This blog is intended to go along with Population: An Introduction to Concepts and Issues, by John R. Weeks, published by Cengage Learning. The latest edition is the 13th (it will be out in January 2020), but this blog is meant to complement any edition of the book by showing the way in which demographic issues are regularly in the news.

You can download an iPhone app for the 13th edition from the App Store (search for Weeks Population).

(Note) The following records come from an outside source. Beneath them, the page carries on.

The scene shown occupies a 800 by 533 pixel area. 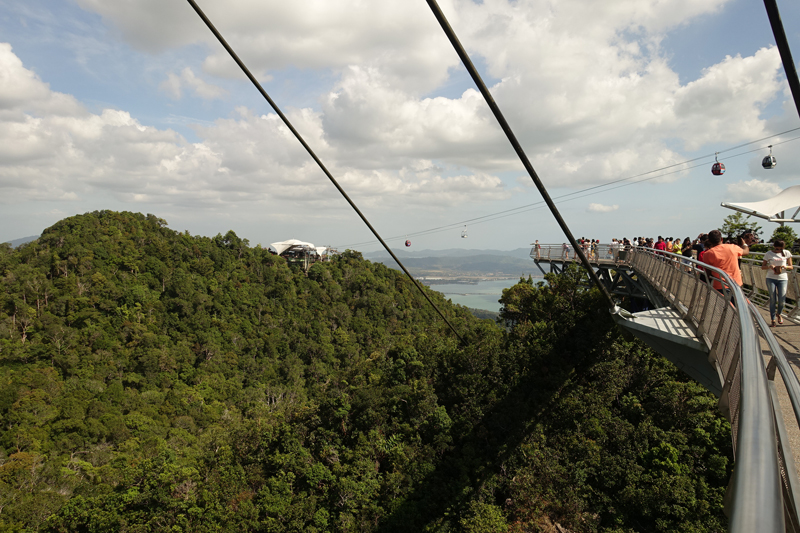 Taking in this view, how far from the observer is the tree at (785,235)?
1769 centimetres

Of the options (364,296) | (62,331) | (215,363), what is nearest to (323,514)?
(215,363)

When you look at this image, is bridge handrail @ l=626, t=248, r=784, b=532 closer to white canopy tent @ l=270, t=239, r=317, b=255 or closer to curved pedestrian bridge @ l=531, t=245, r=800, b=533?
curved pedestrian bridge @ l=531, t=245, r=800, b=533

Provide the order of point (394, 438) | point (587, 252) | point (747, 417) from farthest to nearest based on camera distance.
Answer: point (394, 438)
point (587, 252)
point (747, 417)

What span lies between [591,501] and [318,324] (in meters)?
51.3

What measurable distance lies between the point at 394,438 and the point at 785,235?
20379 mm

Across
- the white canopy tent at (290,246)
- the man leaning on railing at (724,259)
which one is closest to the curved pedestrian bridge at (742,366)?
the man leaning on railing at (724,259)

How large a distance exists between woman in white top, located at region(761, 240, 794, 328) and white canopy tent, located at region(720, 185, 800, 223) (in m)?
9.79

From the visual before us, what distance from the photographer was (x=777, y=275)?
6902 mm

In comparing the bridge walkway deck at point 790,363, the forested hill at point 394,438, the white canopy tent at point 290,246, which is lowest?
the forested hill at point 394,438

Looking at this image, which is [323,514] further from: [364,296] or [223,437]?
[364,296]

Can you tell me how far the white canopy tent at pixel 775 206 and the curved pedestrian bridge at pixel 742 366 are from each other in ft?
17.5

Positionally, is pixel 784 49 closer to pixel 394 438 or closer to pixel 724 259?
pixel 724 259

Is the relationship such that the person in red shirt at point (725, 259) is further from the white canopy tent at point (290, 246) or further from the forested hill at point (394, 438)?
the white canopy tent at point (290, 246)

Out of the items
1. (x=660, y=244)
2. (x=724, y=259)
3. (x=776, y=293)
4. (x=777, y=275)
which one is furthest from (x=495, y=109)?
(x=660, y=244)
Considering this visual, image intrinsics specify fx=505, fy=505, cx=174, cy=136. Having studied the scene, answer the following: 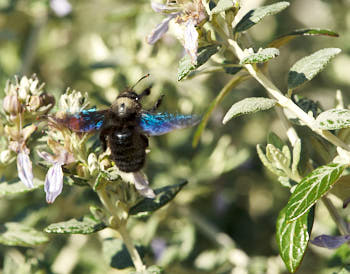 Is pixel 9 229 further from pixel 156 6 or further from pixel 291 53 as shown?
pixel 291 53

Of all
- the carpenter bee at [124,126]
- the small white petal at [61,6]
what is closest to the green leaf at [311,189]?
the carpenter bee at [124,126]

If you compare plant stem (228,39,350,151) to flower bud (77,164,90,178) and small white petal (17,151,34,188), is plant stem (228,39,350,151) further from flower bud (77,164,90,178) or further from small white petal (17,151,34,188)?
small white petal (17,151,34,188)

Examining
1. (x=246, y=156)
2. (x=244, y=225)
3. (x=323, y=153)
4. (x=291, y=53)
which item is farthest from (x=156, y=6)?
(x=291, y=53)

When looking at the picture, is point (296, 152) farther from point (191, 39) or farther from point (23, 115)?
point (23, 115)

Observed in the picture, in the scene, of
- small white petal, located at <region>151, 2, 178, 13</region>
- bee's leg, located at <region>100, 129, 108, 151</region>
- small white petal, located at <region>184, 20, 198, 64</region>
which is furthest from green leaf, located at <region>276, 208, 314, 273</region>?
small white petal, located at <region>151, 2, 178, 13</region>

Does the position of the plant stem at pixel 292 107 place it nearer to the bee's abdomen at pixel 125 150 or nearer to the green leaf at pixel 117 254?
the bee's abdomen at pixel 125 150

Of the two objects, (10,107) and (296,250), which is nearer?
(296,250)

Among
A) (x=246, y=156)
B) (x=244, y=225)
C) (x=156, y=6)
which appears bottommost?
(x=244, y=225) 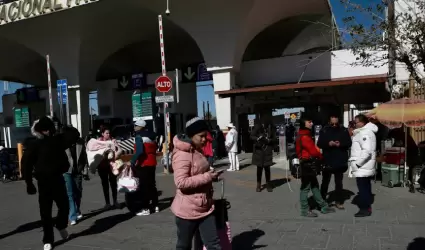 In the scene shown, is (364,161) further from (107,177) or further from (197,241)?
(107,177)

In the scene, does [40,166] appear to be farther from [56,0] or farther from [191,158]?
[56,0]

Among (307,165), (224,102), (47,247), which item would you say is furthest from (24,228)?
(224,102)

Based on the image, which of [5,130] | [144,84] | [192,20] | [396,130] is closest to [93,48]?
[144,84]

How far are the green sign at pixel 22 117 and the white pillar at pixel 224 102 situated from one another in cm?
1610

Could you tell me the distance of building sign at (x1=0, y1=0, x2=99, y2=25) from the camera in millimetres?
17891

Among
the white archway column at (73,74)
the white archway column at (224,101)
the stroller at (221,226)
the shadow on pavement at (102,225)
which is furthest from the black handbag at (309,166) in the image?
the white archway column at (73,74)

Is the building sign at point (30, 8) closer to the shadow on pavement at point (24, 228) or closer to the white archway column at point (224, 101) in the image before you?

If you are a user of my textbook and would like to suggest a blog post idea, please email me at: john.weeks@sdsu.edu

Saturday, December 7, 2013

The WorldPop Project

Demographic data for the entire world are most readily available from the United Nations Population Division, but they work almost exclusively at the national level. Trying to get some information at a more local level requires the combination of a variety of resources, including satellite imagery along with georeferenced census and survey data. LandScan (from Oak Ridge National Laboratory) and the Gridded Population of the World (from Columbia University) are two such attempts to do this. Now a group at the University of Southampton in the UK, headed up by geographer Andy Tatem, has launched a new website called WorldPop. 
The WorldPop project was initiated in October 2013 to combine the AfriPop, AsiaPop and AmeriPop population mapping projects. It aims to provide an open access archive of spatial demographic datasets for Central and South America, Africa and Asia to support development and health applications. The methods used are designed with full open access and operational application in mind, using transparent, fully documented and shareable methods to produce easily updatable maps with accompanying metadata.
Databases like these are especially important in times of emergency, as I and my colleagues noted a few years ago in a report for the National Research Council, and the WorldPop data were featured recently in a story about typhoon Haiyan in the Philippines.
Large-scale natural disasters such as typhoon Haiyan in the Philippines or the 2010 earthquake in Haiti can bring stark reminders of the importance of knowing how many people are living in which locations in order to rapidly assess and provide relief. These disasters have also shown that a range of existing datasets can be used to rapidly improve available information on where people live.
I have not yet had a chance to compare the different kinds of information available from WorldPop with the other databases, but the ability to compare among several different resources is itself a key element in improving our demographic knowledge about local places anywhere in the world.